You can do this optimization yourself and time it in C++.

Answer 4

For the float div/mul tests, you're probably getting denormalized values, which are much slower to process that normal floating point values. This isn't an issue for the int tests and would crop up much later for the double tests.

You should be able to add this to the start of the C++ to flush denormals to zero:

_controlfp(_DN_FLUSH, _MCW_DN);

I'm not sure how to do it in C# though (or if it's even possible).

Some more info here: http://stackoverflow.com/questions/2051534/floating-point-math-execution-time

Answer 5

I also decided that your C++ was incredibly slow. So I ran it myself. Turns out that actually, you're totally wrong.
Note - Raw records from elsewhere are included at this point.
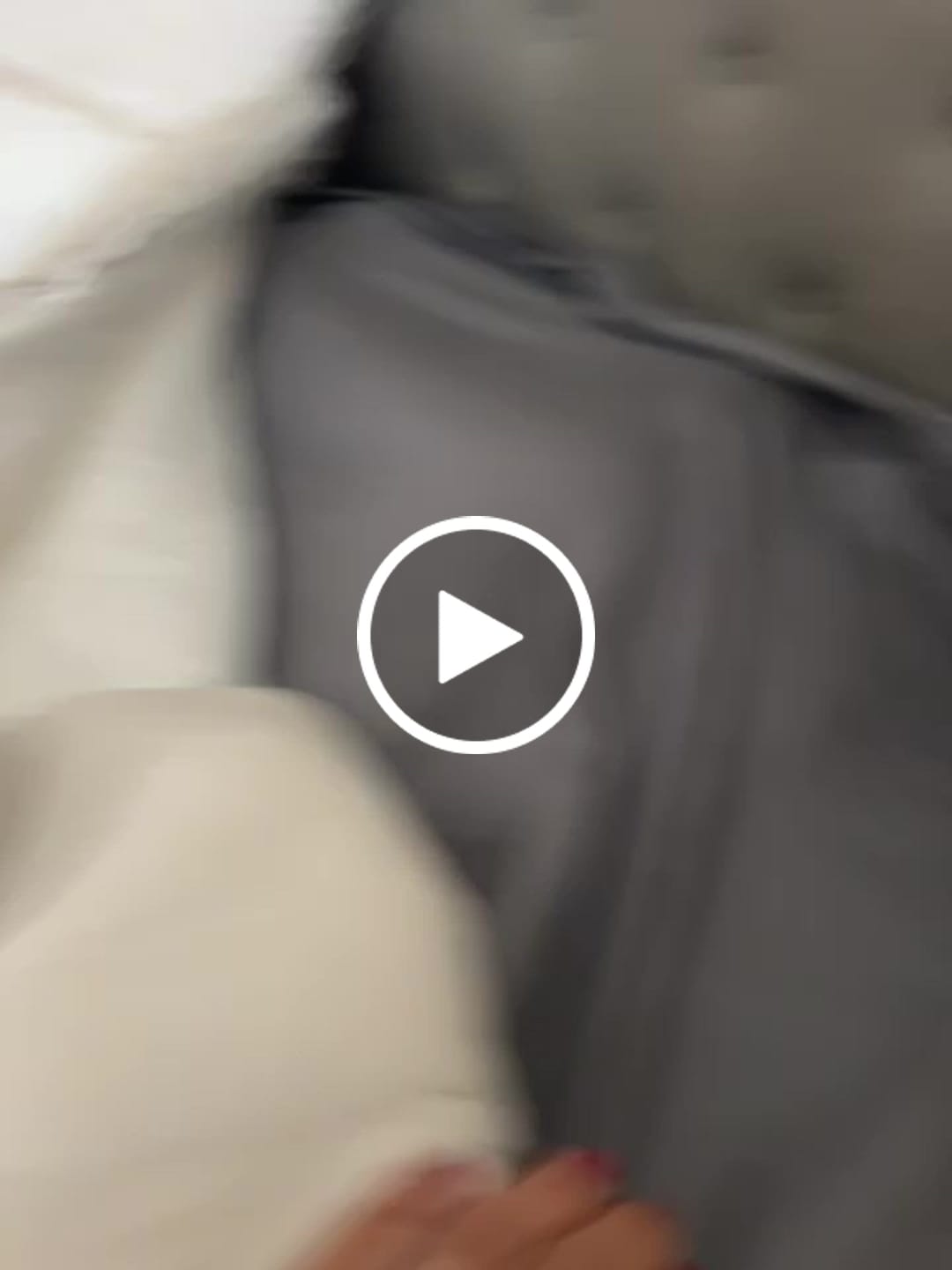 Customer video review of CloudAlign™ Pillow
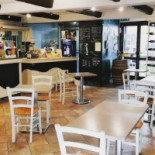 Le Petit Cafe Dentro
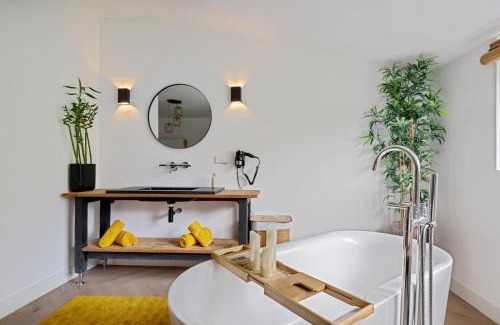 Bentveld Apartment | Bamboe Suite Bentveld met ligbad en gratis parkeren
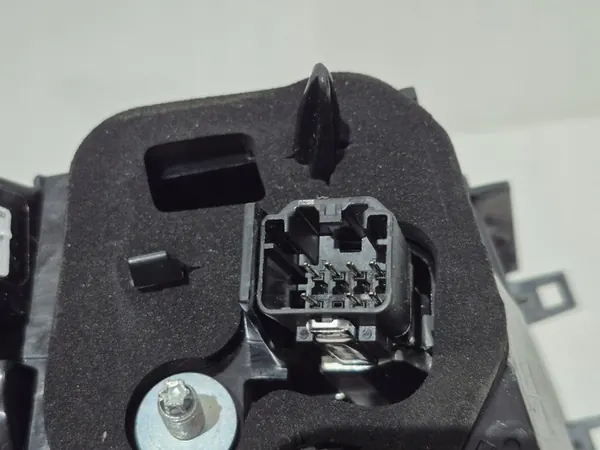 PEUGEOT 308 III (T10) 2021- LÁMPARA FULL LED TRASERA DERECHA OEM image 10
I replaced your timer (I've no idea what timer you were using, but I don't have one handy) with the Windows High Performance Timer. That thing can do nanoseconds or better. Guess what? Visual Studio says no. I didn't even tweak it for the highest performance. VS can see right through this sort of crap and ellided all of the loops. That's why you should never, ever, ever use this sort of "profiling". Get a professional profiler and come back. Unless 2010 Express is different to 2010 Professional, which I doubt. They mainly differ in IDE features, not raw code performance/optimization.

I'm not even going to bother running your C#.

Edit: This is DEBUG x64 (the previous screen is x86, but I thought I'd do x64 since I am on x64) and I also fixed a minor bug that caused the time to be negative rather than positive. So unless you want to tell me that your release FP on 32bit is a hundred times slower, I think you've screwed up.

One thing I did find curious is that the x86 debug program never terminated on the second float test, i.e., if you did float first, then double, it was double div/mul that failed. If you did double then float, the float div/mul failed. Must be a compiler glitch.